[WHAT IS NEEDED]:
Omit the pictures and extract only the lines from the line containing "Powerology Smart Tag" to the end of the material, each exactly as written.
*** Begin section ***
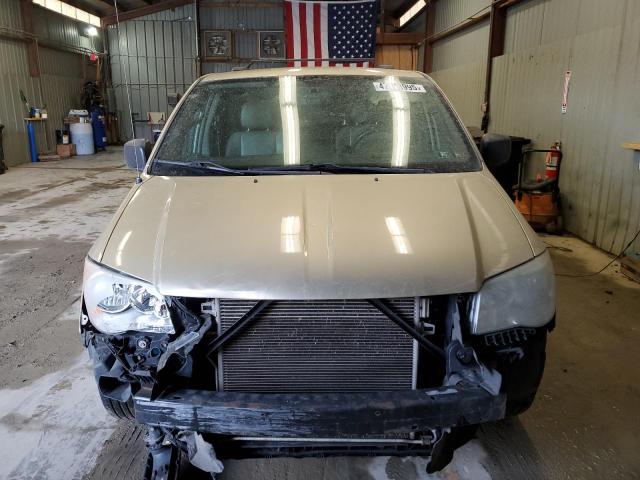 2C4RC1CG3CR138977 - 2012 CHRYSLER TOWN & COU TOURING L BEIGE photo 5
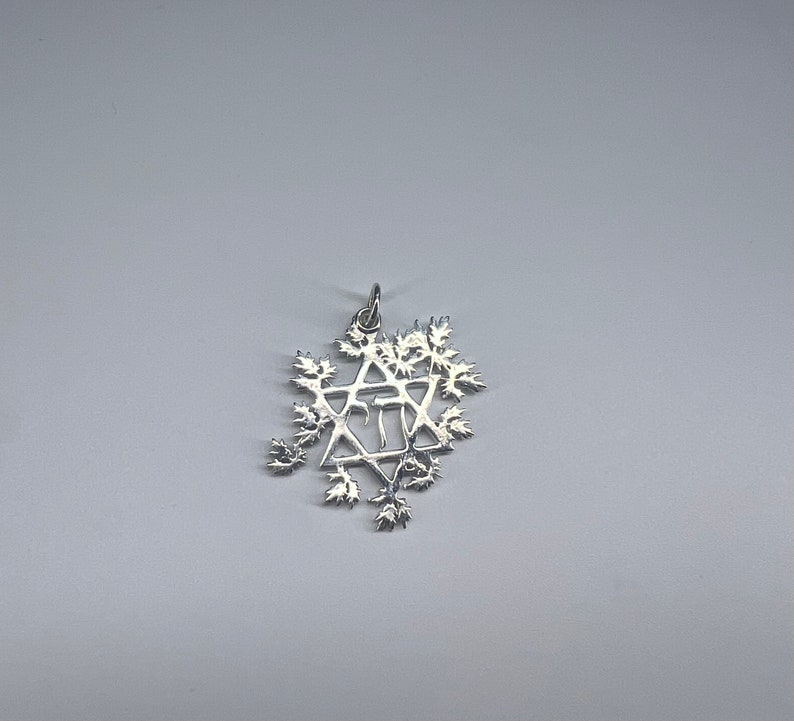 Artemisia star necklace sterling silver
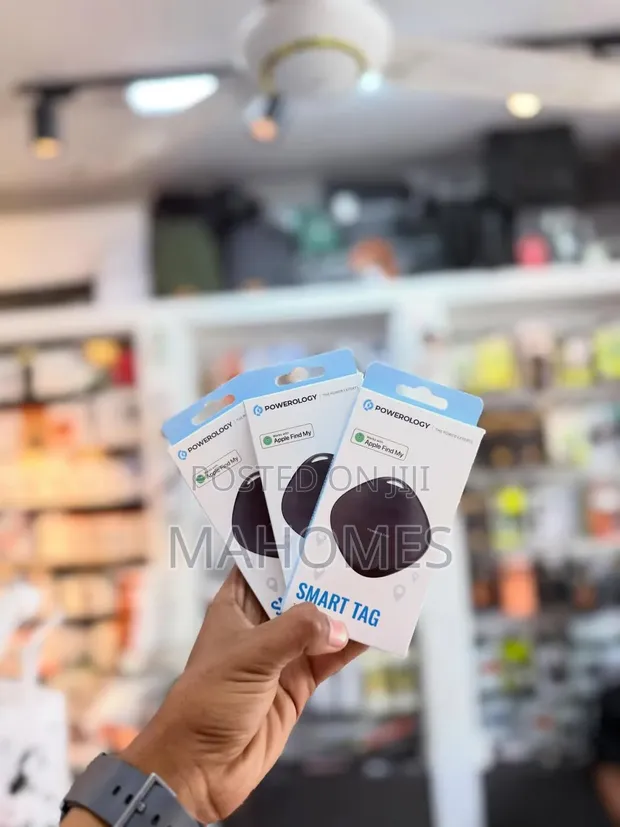 Powerology Smart Tag - Apple Find My Compatible - 1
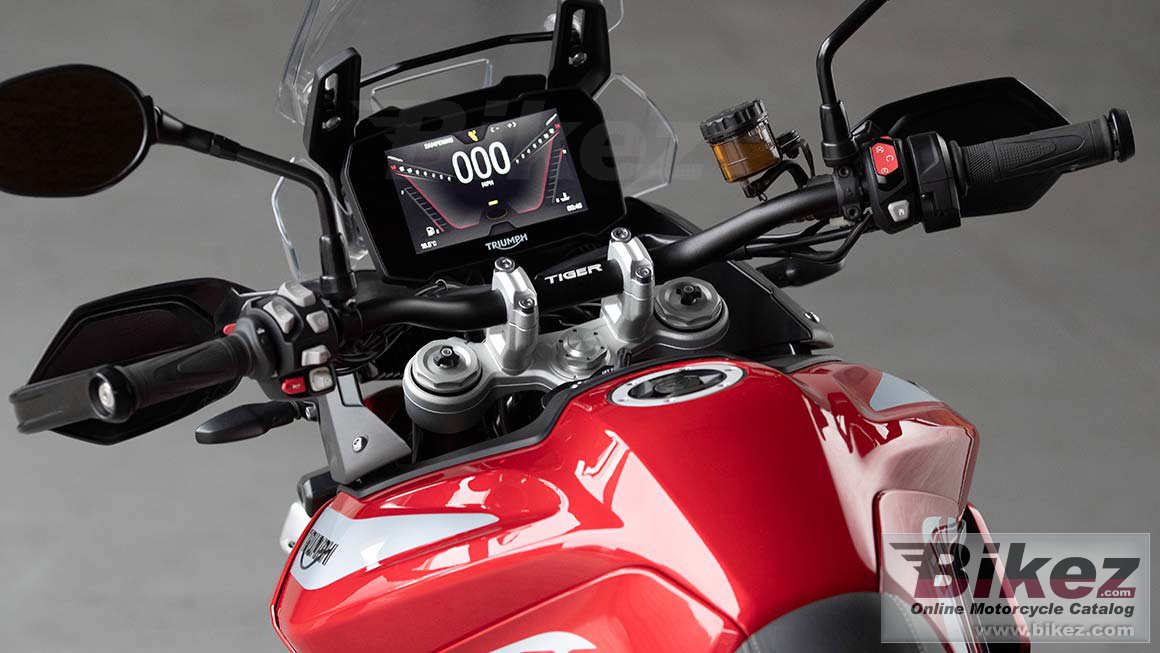 Thumbnail for Triumph Tiger 900 GT Pro 2021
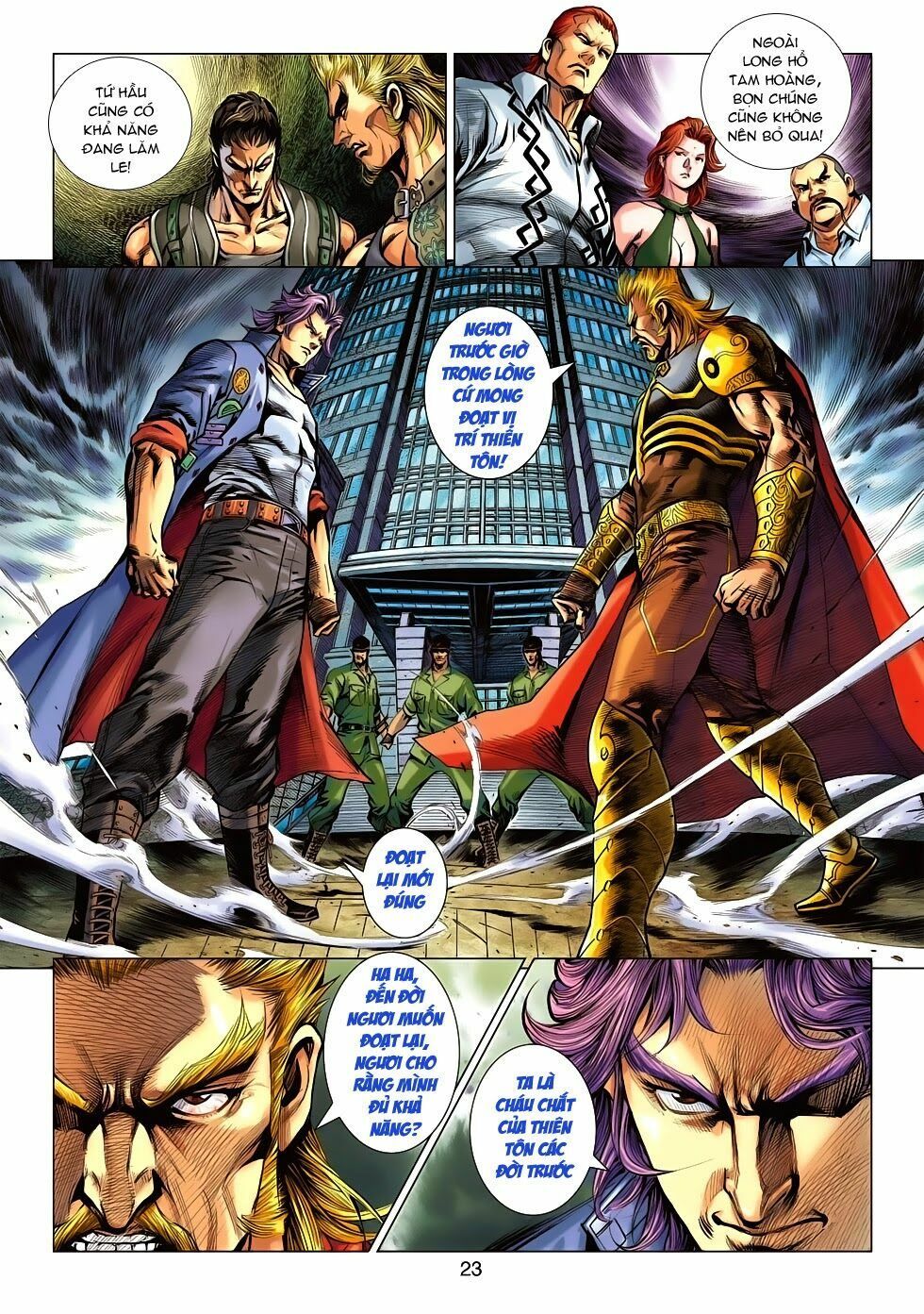 đọc truyện Tân Tác Long Hổ Môn Chương 554 ảnh 23 tại Thiên Thai Truyện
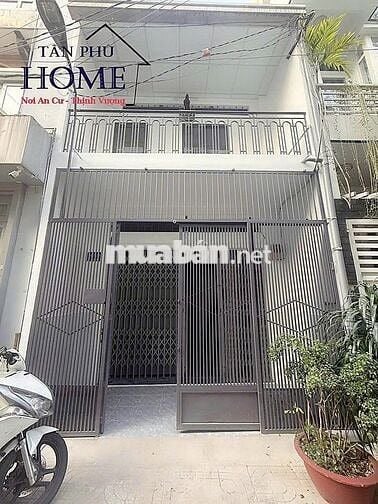 Hẻm 4m GÒ DẦU, 2 Tấm, 4 x 8m, 2 Phòng Ngủ, 2 wc
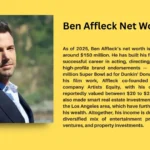 Ben Affleck Net Worth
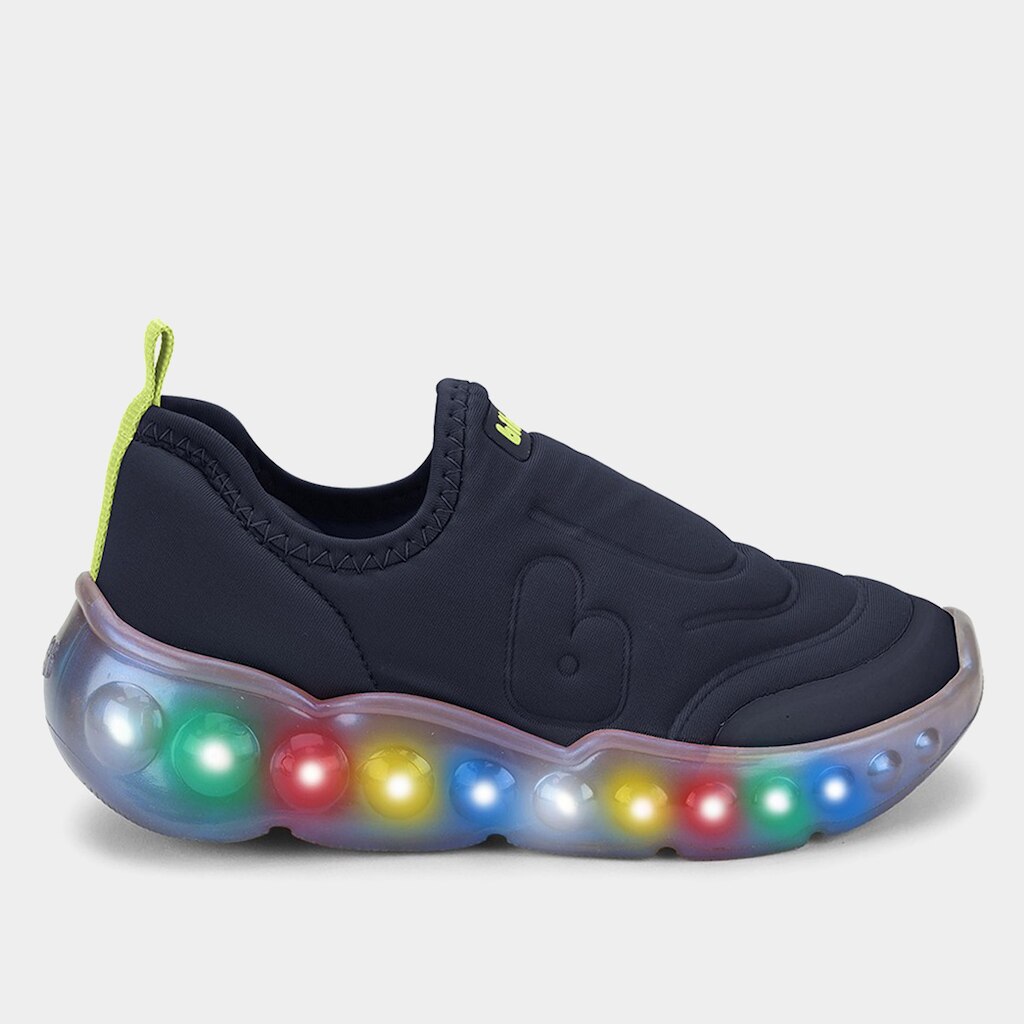 Tênis Infantil Bibi Led Menino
*** End section ***
[COMPLETED TASK]:
 Powerology Smart Tag - Apple Find My Compatible - 1
 Thumbnail for Triumph Tiger 900 GT Pro 2021
 đọc truyện Tân Tác Long Hổ Môn Chương 554 ảnh 23 tại Thiên Thai Truyện
 Hẻm 4m GÒ DẦU, 2 Tấm, 4 x 8m, 2 Phòng Ngủ, 2 wc
 Ben Affleck Net Worth
 Tênis Infantil Bibi Led Menino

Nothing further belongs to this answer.